Finally, big-time fado in the US continues to happen, although at a rate that belies the level of interest in the music here. Among the concerts this year was a marquee event at Carnegie Hall, which included the fadistas Celeste Rodrigues, Jorge Fernando, Fábia Rebordão and Filipa Cardoso. Ana Moura stopped here on an international tour, as did António Zambujo. Meanwhile, Manuela Cavaco and Carlos Macedo visited Newark, NJ--a continuing center for fado in the US. A new Facebook group is publishing ongong news about upcoming fado events in the US, whether led by Portugal- or US-based artists.

My wishes for the New Year? Very simple! Visits to the US by Carminho, Ricardo Ribeiro and Rodrigo Costa Felix. All of these (and others) are singers in their prime, with repertories that are continually evolving and music played by some of the best fado musicians the country has to offer.

19 December 2012

Coming soon... Best of Fado in 2012

What are these kids waiting for (and who are they?)--find out soon when this year's "Best of Fado" list is published here!

18 December 2012

Essential Fado


The Facebook group "Fado in the US" is a good place to find information on fado performances in the US (though we are always looking for new contributions!). I asked the group's members for their essential fado recordings. Here are the responses, with the writer of the lyric and, sometimes, the singer who was mentioned*):
Carlos Conde
(follow the link for more)
  • Porta do coraçao (Carlos Conde)
  • Oiça lá Ó Senhor Vinho (Alberto James; as sung by Amália)
  • Barco Negro (David Mourão Ferreira)
  • Casa Portuguesa (Reinaldo Ferreira)
  • Primavera (David Mourão Ferreira)
  • Povo Que Lavas No Rio (Pedro Homem de Melo)
  • Canção do Mar (Ferrer Trindade; as sung by Dulce Pontes)
  • Coimbra (José Galhardo)
  • Bairro Alto (Nuno de Aguiar or Carlos Neves; as sung by Carlos do Carmo)
  • Lisboa, Menina e Moça (Ary dos Santos)
  • Fado da Sina (Amadeu do Vale; as sung by Hermínia Silva)
  • Rosa Enjeitada (José Galhardo; as sung by Hermínia Silva)
  • Mariquinhas (probably Casa da Mariquinhas, or maybe Leilão da Casa da Mariquinhas, or Mariquinhas Vai à Fonte,...)
  • Pomba Branca (Vasco de Lima Couto; as sung by Max)
  • Cabelo Branco é Saudade (Henrique Rego; as sung by Alfredo Marceneiro)
  • Ó Gente da Minha Terra (Amália Rodrigues; as sung by Mariza)
  • Tive um Coração, Perdi-o (Amália Rodrigues; as sung by Cristina Branco)
Thanks everyone! And please do join the group "Fado in the US" if you'd like to get plugged in to live fado in the US.

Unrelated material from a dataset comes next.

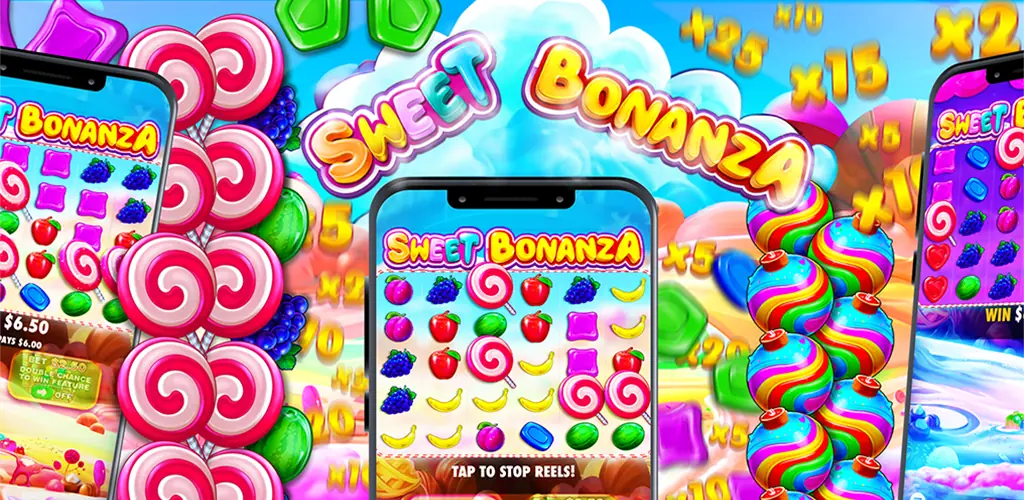 777 Sweet Bonanza game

*More complete information is available at José Fernandes Castro's site, Fados do Fado.

30 October 2012

Prémios Amália

Every year, the Amália Prizes (Prémios Amália) are awarded to a selection of artists "in" or "out" of the fado. The jury is filled with some very good people. Below are the results from this year. Many of the names are recognizable from this blog, including Fábia Rebordão, Rodrigo, Rádio Amália, Carminho, and Ângelo Freire

The categories are roughly as follows ("dentro"="in", "fora"="out"): (A) Revelation ("new discovery") within the fado (voice, Portuguese guitar, viola), then outside the fado; (B) Album in and out; (C) Composition; (D) Poetry; (E) Career in and out; (F) Scholarship; (G) Dissemination; (H) Singer in and out; (I) Musicians (as above); (J) Fusion; (L) Discographic production; (M) Prestige; (N) International dissemination; (O) Tribute to Amália.

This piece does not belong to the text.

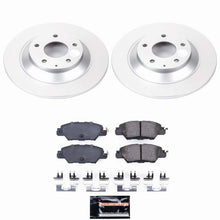 Load image into Gallery viewer, Power Stop 16-25 Mazda CX-5 Rear Z23 Coated Brake Kit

There's alot of great talent on this list. I'm not sure I agree with all the choices (half of the album by Alvim is not fado), but others are spot-on. Cidália Moreira and Rodrigo do not necessarily get the attention they deserve (E); Sardinha's book is controversial but interesting (F); Rádio Amália (G) and Carminho (H) are both excellent choices, as are those for the musicians (I)--all of whom are fairly young. Mísia was a surprise, as she has wandered for many years out of the fado (and out of Portugal), but tours tirelessly (N). Gonçalo--I don't know what the prize is for, but the guy has a good voice (O).



11 October 2012

If you're traveling soon to Lisbon...

Here is an event worth attending if you will be in Lisbon over the next couple of weeks. Fátima Fernandes is a stalwart of the fado scene, and on 28 October 2012 she'll be celebrating 40 years in the fado (as well as a new CD). The list of singers and musicians for this event is testimony to her renown: there are so many great artists on this list, it's mind-boggling. The event will take place at the Voz do Operário. This is a biggish hall (maybe a couple of hundred people)--but don't worry, it'll be full and homey. Here is Fátima at the Grupo Desportivo de Mouraria. Yes, approximately everyone is singing along to this. Parabéns Fátima Fernandes! Mereces isto e muito mais!


26 September 2012

Manuela Cavaco coming to New Jersey on 6 October

The Portuguese fadista Manuela Cavaco will be bringing the fado from Montijo, Portugal to Elizabeth, New Jersey on Friday, 6 October 2012. The concert is organized by the Fundação Amália USA, and will take place at the Salão Nobre next door to Nossa Senhora da Fátima (Our Lady of Fátima) church, which is located at 403 Spring Street in Elizabeth. The event begins at 6:30pm. Cost is $60 per person and includes dinner.

In addition to Manuela Cavaco, fadistas based in the Elizabeth area will perform, among them Pedro Botas. Accompanying these singers will be José Silva (guitarra portuguesa), Viriato Ferreira (viola), and Pedro Pimentel (contra bass), all of whom played early this year when Carlos Macedo visited here. I was there and they were great. The evening will also include a tribute to the late Cora d'Abreu, a fadista who performed for many years in and around Newark.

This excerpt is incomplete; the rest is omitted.